── Listed entries

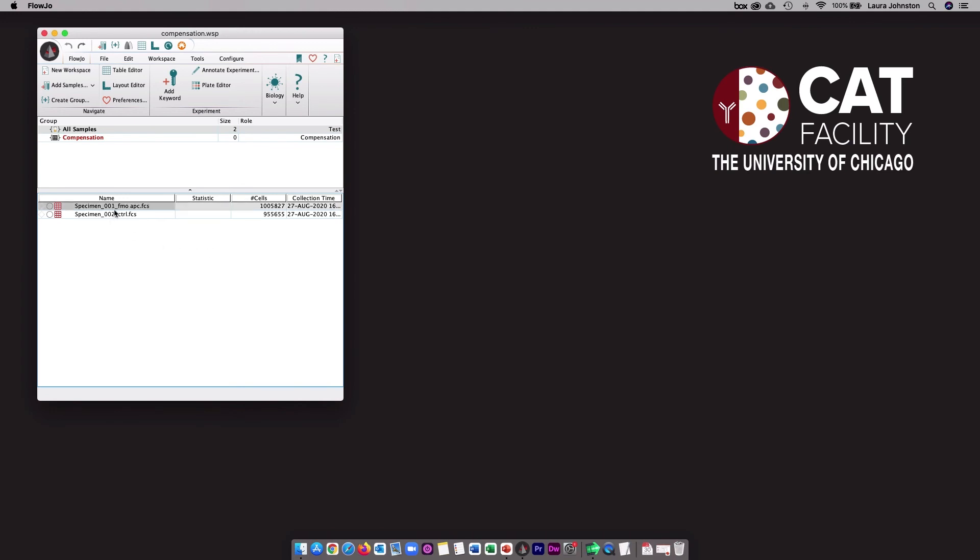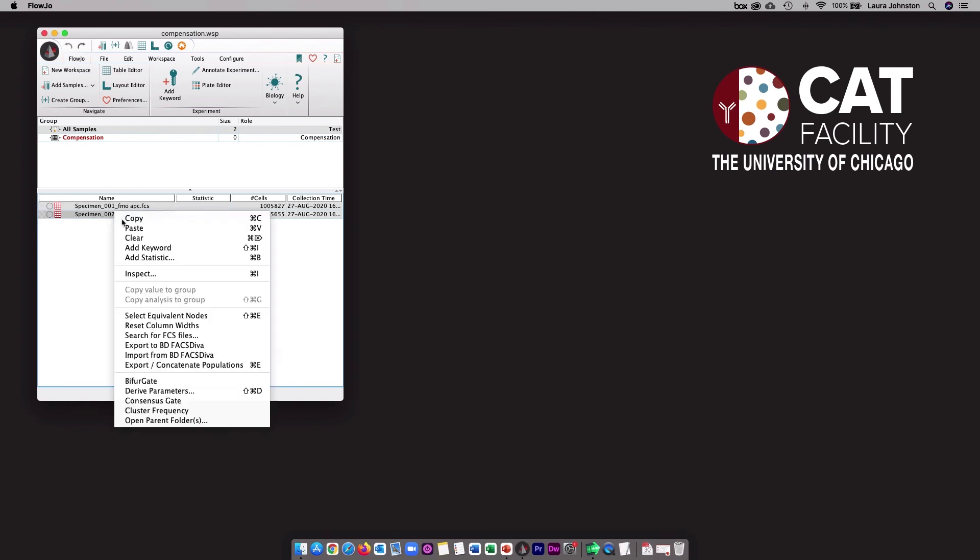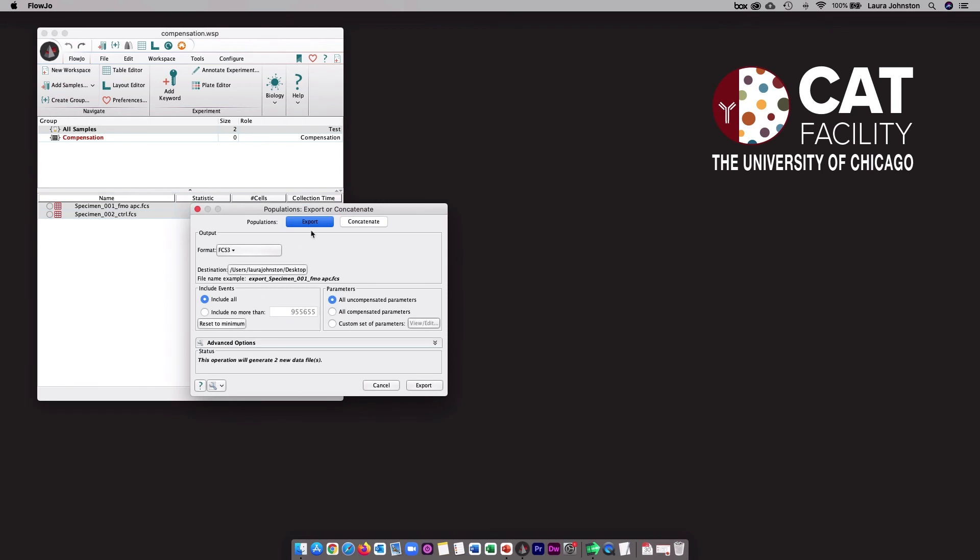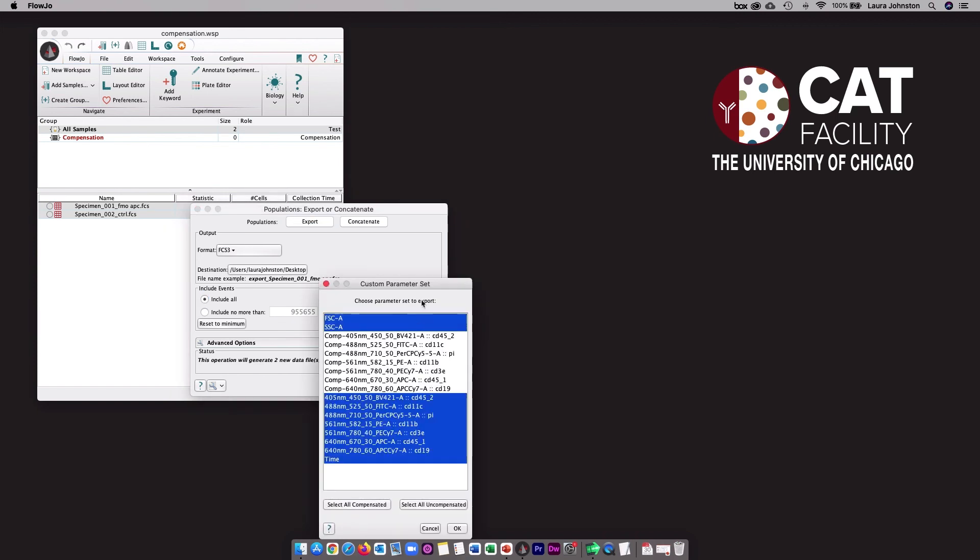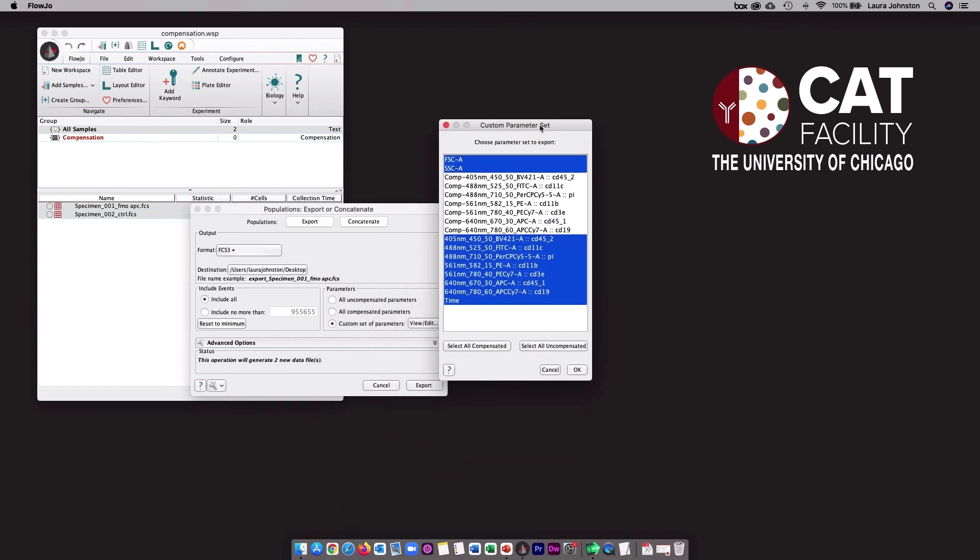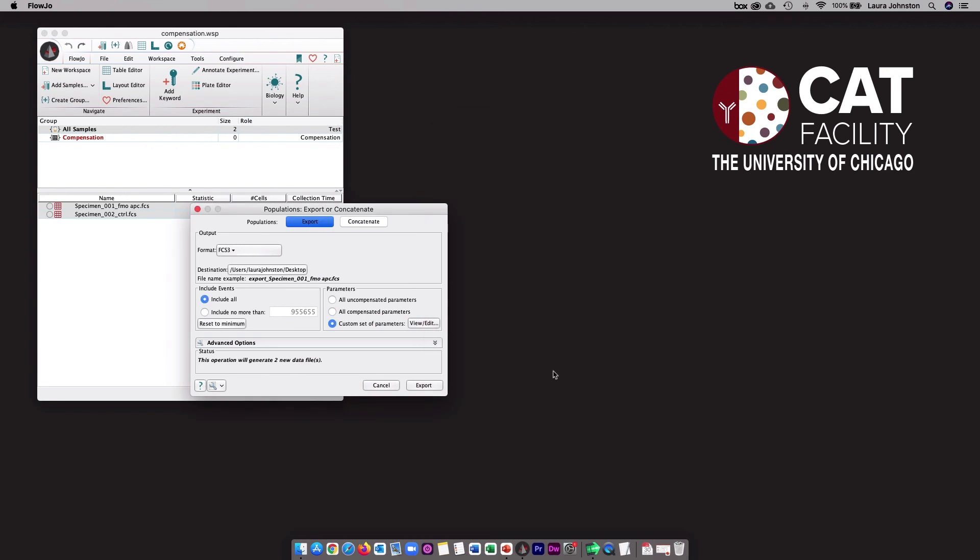The second option is to export a brand new FCS file. So you can select all of the files that you want to export, then right click and select export. You can choose which parameters to export. Maybe you just want all compensated parameters, or maybe you want to select a custom set of parameters. You can also tell FlowJo where to save your files. When you click the export button, that will generate brand new FCS files that have the FlowJo compensation matrix packaged into it.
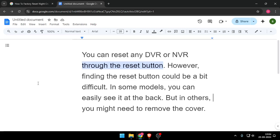You can reset your DVR by any of these options. So that's it for today's video. If you like this video, please don't forget to subscribe to our channel. Thank you.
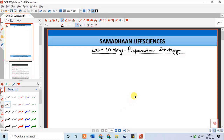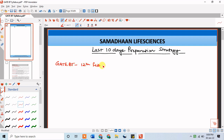Hello all students and welcome to Instant Biology by Dr. Nila. I'm going to discuss a very important point in today's lecture. Many students have requested me to provide a 10-day preparation strategy. All GATE aspirants should know that the GATE BT exam is scheduled on 12th of February. I'm preparing this video on 30th of January, so around 10 days are left.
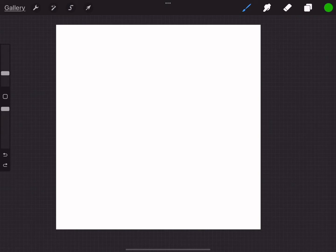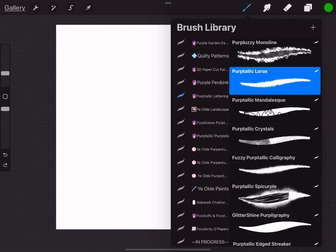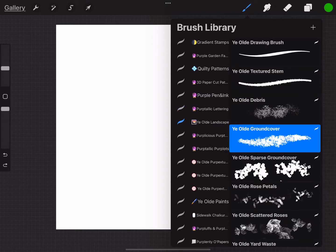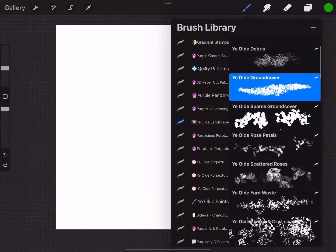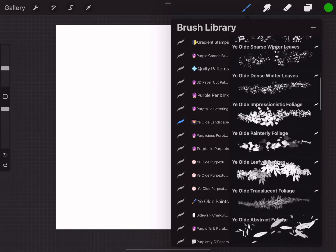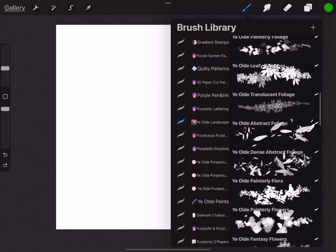Hello everybody, this is Lori from Purple Mind Studios. I wanted to show you the update on the Ye Olde Landscape brush set. I've added 18 new brushes and almost all of the original brushes have been modified and improved.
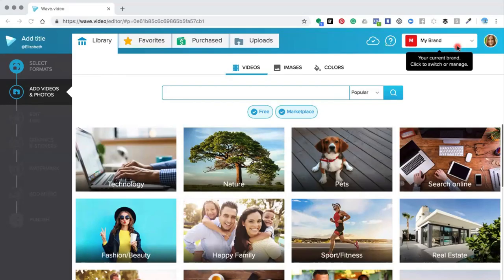Hello and welcome to this wave.video tutorial. Anita here. Today I'm going to show you how to add your own videos into the wave editor to create one whole video. I've just gone away and recorded three short video clips of the co-working space that I'm in at the moment, and I'm going to show you how you can pull those three videos into the editor so that you can create your own video.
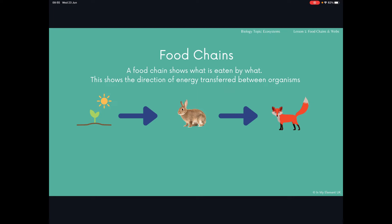The energy moves up the food chain — it is transferred. Some of that energy will be lost via different chemical reactions that take place, one being respiration, and energy will be lost to the surroundings. You need to know different examples of food chains. You can't learn them all but you need to recognise and be able to interpret them, and also be able to draw your own.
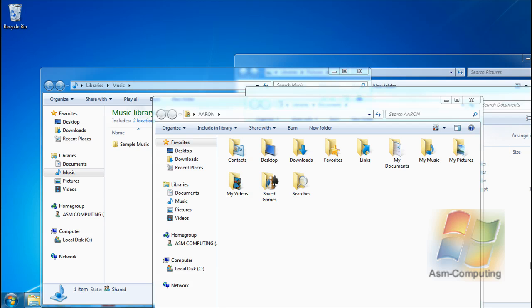Hello everyone, Aaron here from ASM Computing. Today I'm going to show you a quick little trick you can do in Windows 7.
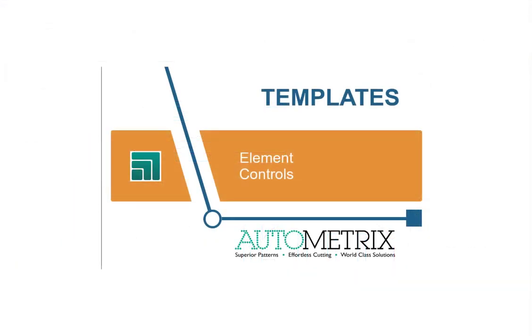In the next video, you'll see how to use element controls to fine-tune more complex templates.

────

**Task goal**
Since the pictures don't belong in the copy, copy only the rest of the entries above exactly.

**Exercise result**
The second option is to export a brand new FCS file. So you can select all of the files that you want to export, then right click and select export. You can choose which parameters to export. Maybe you just want all compensated parameters, or maybe you want to select a custom set of parameters. You can also tell FlowJo where to save your files. When you click the export button, that will generate brand new FCS files that have the FlowJo compensation matrix packaged into it.
You can reset your DVR by any of these options. So that's it for today's video. If you like this video, please don't forget to subscribe to our channel. Thank you.
Hello all students and welcome to Instant Biology by Dr. Nila. I'm going to discuss a very important point in today's lecture. Many students have requested me to provide a 10-day preparation strategy. All GATE aspirants should know that the GATE BT exam is scheduled on 12th of February. I'm preparing this video on 30th of January, so around 10 days are left.
Hello everybody, this is Lori from Purple Mind Studios. I wanted to show you the update on the Ye Olde Landscape brush set. I've added 18 new brushes and almost all of the original brushes have been modified and improved.
Hello and welcome to this wave.video tutorial. Anita here. Today I'm going to show you how to add your own videos into the wave editor to create one whole video. I've just gone away and recorded three short video clips of the co-working space that I'm in at the moment, and I'm going to show you how you can pull those three videos into the editor so that you can create your own video.
The energy moves up the food chain — it is transferred. Some of that energy will be lost via different chemical reactions that take place, one being respiration, and energy will be lost to the surroundings. You need to know different examples of food chains. You can't learn them all but you need to recognise and be able to interpret them, and also be able to draw your own.
Hello everyone, Aaron here from ASM Computing. Today I'm going to show you a quick little trick you can do in Windows 7.
In the next video, you'll see how to use element controls to fine-tune more complex templates.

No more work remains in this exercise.